Designing Learning Environments to Foster Productive and Powerful Discussions among Linguistically Diverse Students in Secondary Mathematics (NSF #1553708)

We are studying how to create high school math classrooms where bilingual students who are classified as English learners (ELs) can participate in robust classroom discussions. Our redesign focuses on creating accessible and powerful curriculum materials, developing equitable instructional routines, and supporting student engagement in mathematical discourse practices.

Target Audience: 
Secondary Mathematics Teachers and Students
STEM Discipline(s): 
What Issue(s) in STEM Education is your Project Addressing?: 

This project supports ELs in STEM through making classroom discussions more accessible. We know from prior research that when students engage in classroom discussions, they can learn important mathematical concepts and develop a positive identity as a mathematics student. At the same time, we also know that many bilingual students who are classified as English learners, especially at the high school level, experience mathematics classes characterized by low-level mathematical and linguistic demands. Our goal is to transform this reality through a program of design research, done in collaboration with local teachers at a linguistically diverse school and student researchers from San Diego State University.

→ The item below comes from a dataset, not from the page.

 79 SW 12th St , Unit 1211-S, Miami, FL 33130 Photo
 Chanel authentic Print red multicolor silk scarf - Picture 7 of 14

Our specific strategy is to research and develop design principles for high school classroom learning environments in which ELs participate in robust discussions. We started by observing mathematics classes during a "business as usual" phase and interviewing a linguistically diverse group of students about mathematics and about their experiences in school mathematics. We have taken what we learned from those observations and we are working with teachers to redesign the classroom learning environment to ensure all students can participate in classroom discussions. Three specific foci of our work are: 1) maintaining a consistent conceptual focus across the units we design, 2) integrating mathematical and language-related goals in each lesson, and 3) incorporating language supports in each lesson to make discussions available and fruitful for all students.